What others are saying:
Publishers Weekly says: “Bestselling author Maynard (The Good Daughters) returns with the story of a broken family rocked by a real-life Bay Area serial killer. Rachel Torricelli and her younger sister, Patty, idolized their father, a homicide detective with a voice like Dino and an insatiable love for women—especially his daughters. After divorce split up their home, he mostly disappeared, and Rachel, who recounts the story as an adult (and a mystery writer), was content playing backyard games and bossing Patty around. But their play is tinged with darkness in the summer of 1979, when murders begin occurring along Marin County’s hiking trails. The girls’ father is on the case and his sudden star power makes Rachel popular, but she can’t resist chasing clues (some courtesy of “visions”), putting her and her sister in harm’s way. Maynard captures the way that memory works in fragments: Rachel recalls “My Sharona” as the soundtrack of the summer, fusing her perspective with that of the killer, who sings it to his victims. Her retelling also flip-flops seamlessly from her teenage anxieties to the front-page news—a testament to Maynard’s narrative dexterity. This cinematic coming-of-age murder mystery satisfyingly blends suspense with nostalgia.”

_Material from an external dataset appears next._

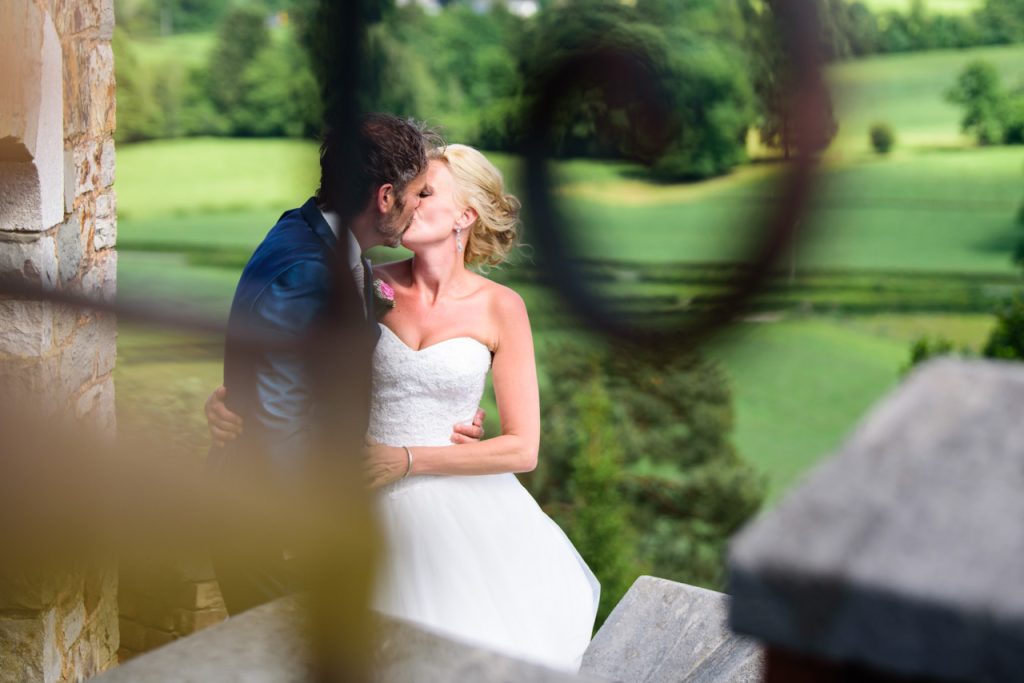 Documentaire trouwfotografie van een intiem moment tussen de tralies van een kasteel in België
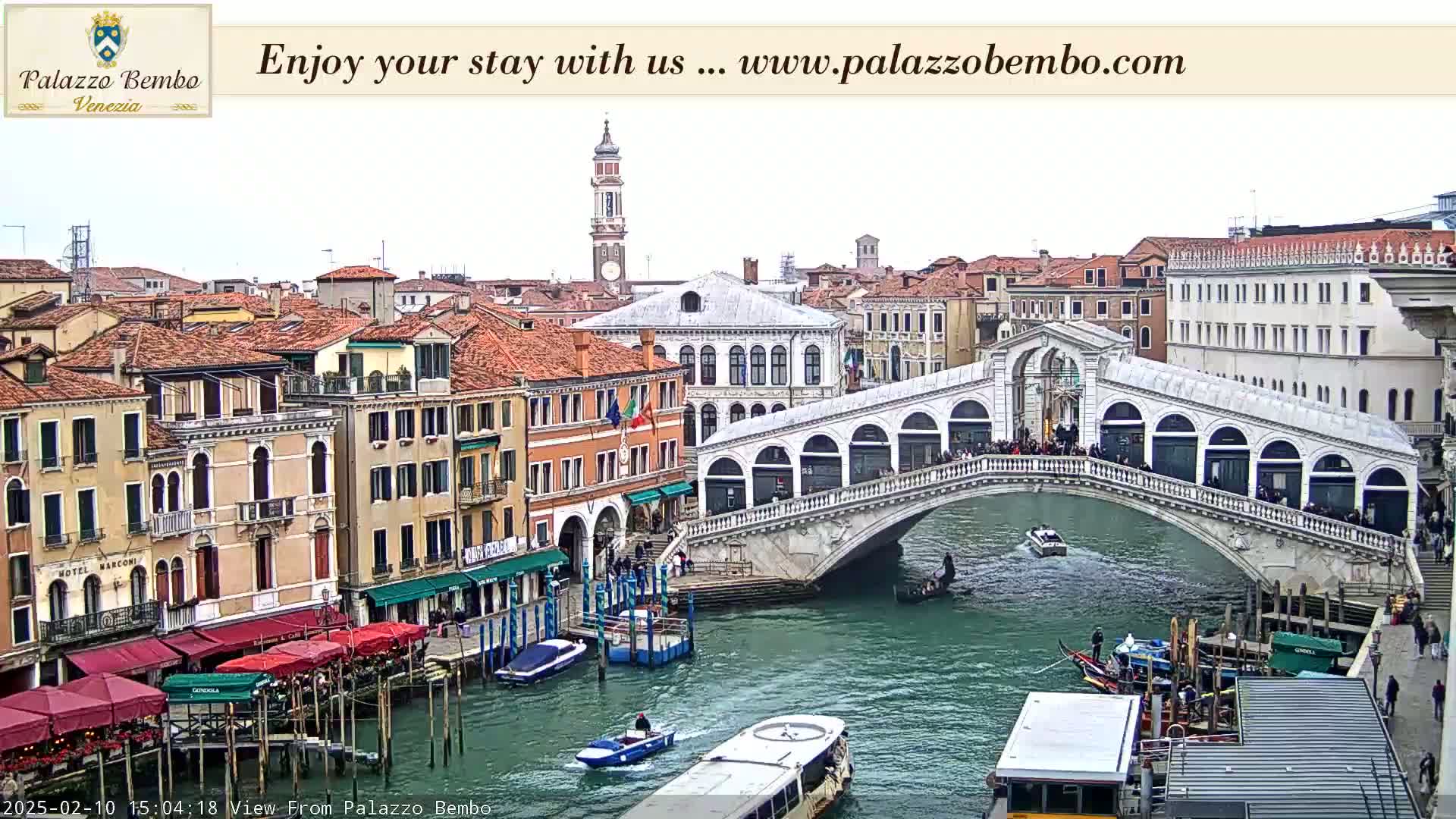 A view of the Rialto Bridge in Venice, Italy, on an overcast day, shows numerous gondolas and other boats on the canal below, with buildings lining the waterway.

Says Kirkus Reviews: “Cycling through big themes–love for a flawed father and a loyal sister; the pursuit of a serial killer; coming-of-age/receiving of family wisdom–Maynard’s latest starts strong but fades. Thirteen-year-old Rachel Torricelli, inseparable big sister of Patty, narrates the story, set in the San Francisco suburbs of the late 1970s. Both girls adore their father, Anthony, a charismatic but inconstant police detective who quits the family home when Rachel is 8, leaving their fragile mother depressed and short of cash. The girls’ playground, right behind their house, is Mount Tamalpais, a place full of possibilities, until the Sunset Strangler begins raping and murdering women there. With her handsome father on television leading the murder investigation, Rachel suddenly finds herself popular and attractive to boys. Her busy imagination–she aspires to be a writer–leads to speculation on sex and death and “visions” of the killings. But, despite authorial teasers, the story loses momentum as the sequence of murders grows and Detective Torricelli fails to solve them, diminishing him in the eyes of everyone. With the time frame speeding up, the novel thins out, ending in a speedy, decades-later wrap-up that offers more tidiness than conviction. There’s fluency and insight here but also a shortage of subtlety, with the book’s underpinnings too visible through its skin.”

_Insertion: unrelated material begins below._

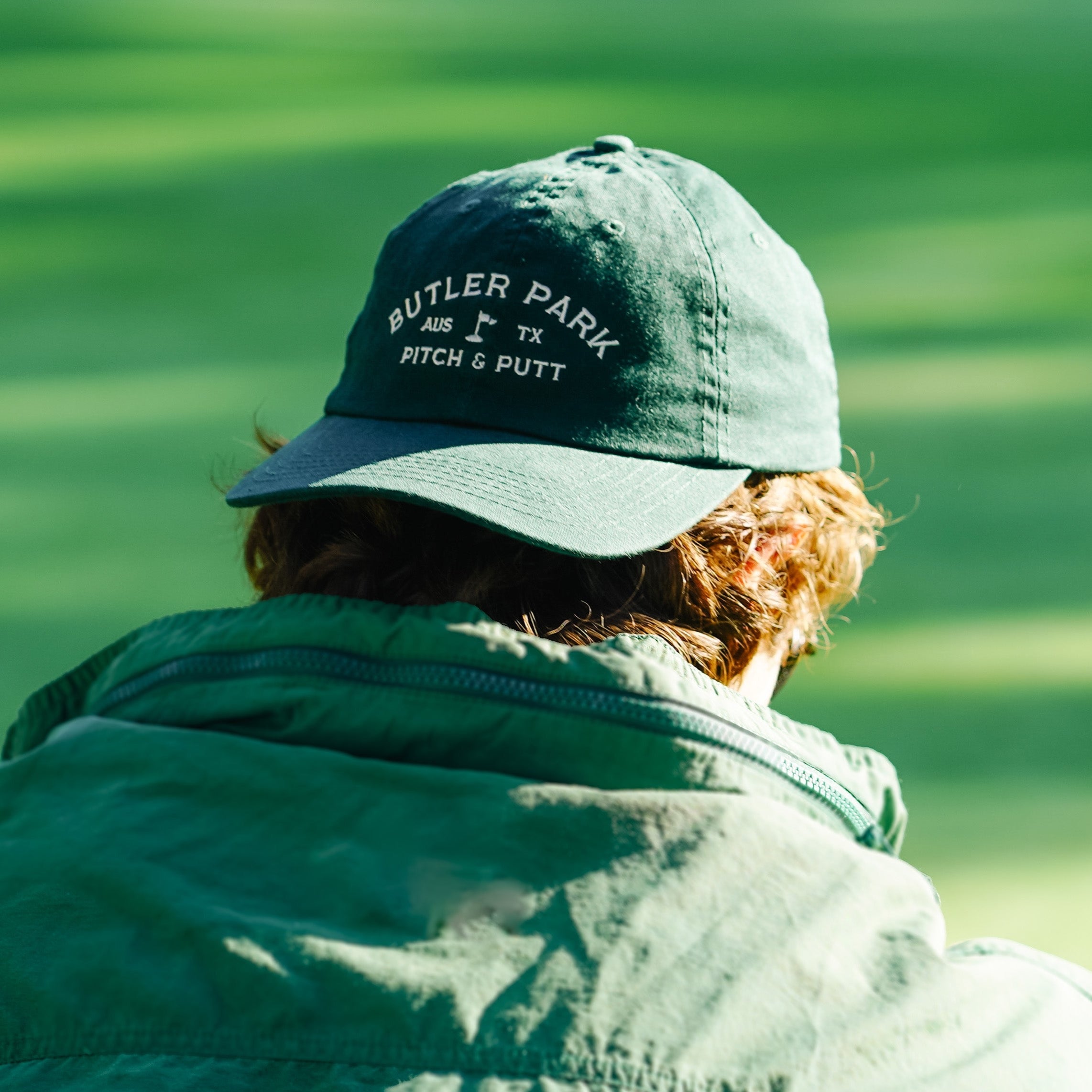 The Butler Dad Hat in forest green worn backwards.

Library Journal says: “….This title is loosely based on the Trailside Killer case that terrified Marin in the 1970s. Here the case is seen through the eyes of a 12-year-old, giving Maynard’s … thriller an interesting twist on what would otherwise be a simple reworking of a cold case of serial murder. Rachel is so focused on saving her father and her parents’ failed marriage that everything else in the world around her is merely a blur.”

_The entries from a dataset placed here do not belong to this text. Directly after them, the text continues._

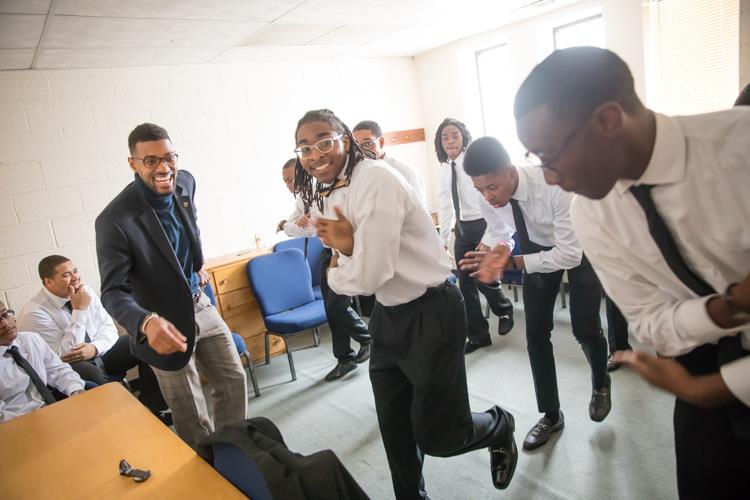 Isaiah Oliver talks through last-minute performance improvements with the Alpha Esquires just prior to the MLK Day Youth Tribute at Mt. Olive Missionary Baptist Church.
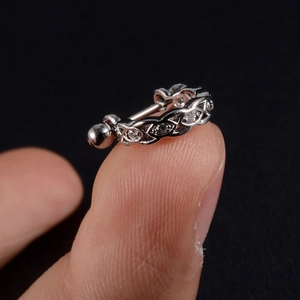 Close-up of silver-tone stainless steel ear piercing with zircon-encrusted leaf design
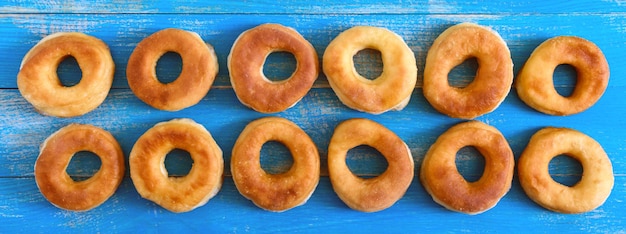 Donuts clásicos caseros sobre una mesa de madera azul. La vista superior. Fondo de alimentos. Bandera.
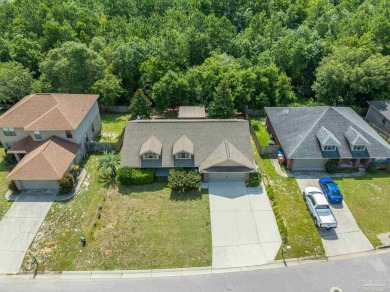 You'll blend with nature in this all brick, 3-bedroom, 2-bath on The Club At Hidden Creek in Florida - for sale on GolfHomes.com, golf home, golf lot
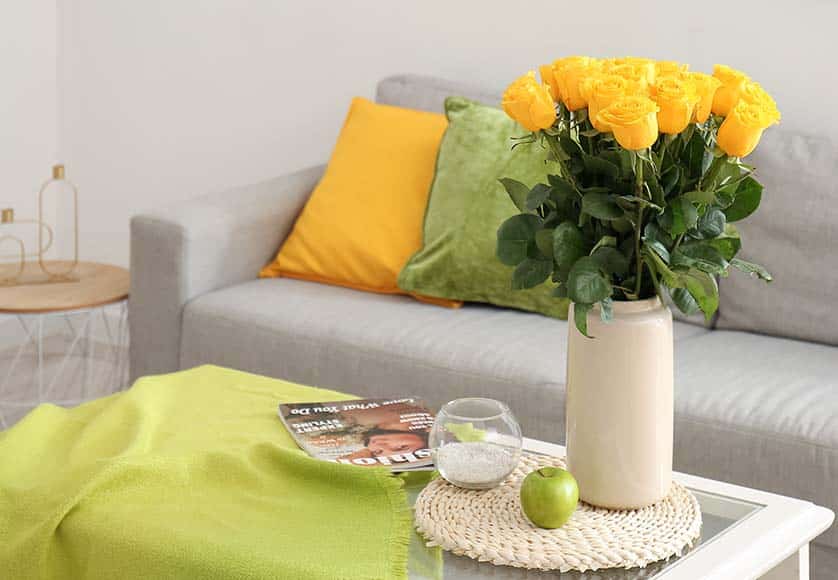 Vase with beautiful yellow roses on table in living room|Towels are on bed. White bedding close-up. Clean terry towels on bedstead. Concept - bed linen at hotel. Sewing industry. Several towels lie on in a pile. Sale of sets with bed linen. Textile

“Part family reminiscence, part girl detective story, “After Her” combines the intimacy of one teen’s coming-of-age with the suspense of a serial killer mystery. With warmth and redeeming humor, Joyce Maynard delivers the terror and confusion of adolescence,” says author Stewart O’Nan.
When is it available?
You can find this book at the Downtown Hartford Public Library or its Dwight and Goodwin branches.